Essa viagem serviu para reforçar minha ideia de que esse é um país que se mistura e que se orgulha de ser tão mestiço. Há, em cada uma dessas pessoas, uma conexão muito forte com a história dos lugares.
Não era apenas uma ligação geográfica. A terra ali significa não só um solo, mas um passado. Ou ainda, uma narrativa em comum. E que com carinho, apesar de todas as dificuldades, todos fazem questão de preservar. Isso aumentou a minha fé de que eu estava viajando por um Brasil maior.
“Tenho certeza de que esse lugar ainda vai ser o que era antes”, me conta Déia. “As pessoas saindo pra pescar, com alegria e com a certeza de trazer a comida pra mesa.” Uma lágrima, inevitavelmente, assinou a sua fala. Outra desceu pelo rosto de quem a ouvia.

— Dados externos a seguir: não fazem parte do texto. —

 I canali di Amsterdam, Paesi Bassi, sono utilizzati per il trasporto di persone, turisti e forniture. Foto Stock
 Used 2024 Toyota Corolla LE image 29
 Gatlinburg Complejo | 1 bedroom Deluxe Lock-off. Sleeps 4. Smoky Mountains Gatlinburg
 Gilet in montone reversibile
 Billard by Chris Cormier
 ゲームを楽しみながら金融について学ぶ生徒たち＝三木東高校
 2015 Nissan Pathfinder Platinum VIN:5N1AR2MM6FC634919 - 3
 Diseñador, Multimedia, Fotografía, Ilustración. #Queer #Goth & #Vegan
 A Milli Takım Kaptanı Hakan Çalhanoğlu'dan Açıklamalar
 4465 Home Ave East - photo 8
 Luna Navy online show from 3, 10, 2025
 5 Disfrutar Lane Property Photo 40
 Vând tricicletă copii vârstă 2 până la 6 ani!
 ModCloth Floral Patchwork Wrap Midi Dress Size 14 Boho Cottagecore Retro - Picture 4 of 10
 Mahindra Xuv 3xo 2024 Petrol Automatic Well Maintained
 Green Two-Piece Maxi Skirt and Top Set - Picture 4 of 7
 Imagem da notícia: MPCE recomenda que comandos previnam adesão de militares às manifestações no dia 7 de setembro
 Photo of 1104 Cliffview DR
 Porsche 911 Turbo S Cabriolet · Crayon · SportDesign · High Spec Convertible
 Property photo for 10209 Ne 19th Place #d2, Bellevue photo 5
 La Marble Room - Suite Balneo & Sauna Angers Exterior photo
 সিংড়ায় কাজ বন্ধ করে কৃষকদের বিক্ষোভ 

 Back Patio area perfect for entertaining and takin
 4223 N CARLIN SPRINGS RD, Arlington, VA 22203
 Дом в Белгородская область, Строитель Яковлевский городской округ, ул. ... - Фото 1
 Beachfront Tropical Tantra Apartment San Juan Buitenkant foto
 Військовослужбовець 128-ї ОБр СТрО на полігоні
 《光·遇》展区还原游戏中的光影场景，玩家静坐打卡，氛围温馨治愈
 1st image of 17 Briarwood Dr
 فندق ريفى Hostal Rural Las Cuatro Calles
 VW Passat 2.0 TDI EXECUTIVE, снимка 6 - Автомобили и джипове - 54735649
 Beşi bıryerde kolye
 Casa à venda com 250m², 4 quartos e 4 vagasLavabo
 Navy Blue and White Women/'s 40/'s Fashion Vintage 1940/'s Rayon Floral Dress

A mesma Déia encontrei depois, batendo seu tambor no ensaio do Congo de São Benedito. “Eu tava no porto do dia do desastre. O rio e o mar estavam a coisa mais linda”, ela continuou.
“Parece que Deus falou: vou dar essa visão pra você”, completa, na certeza de que ela ainda vai poder mostrar aos netos uma paisagem como aquela.
Porque tem esse rio no meio do caminho dessa gente. No meio dessa gente tem esse rio Doce. Mineiro que sou, como o Drummond de quem empresto os versos, não posso deixar de desejar uma visão como essa para as retinas tão fatigadas de Déia.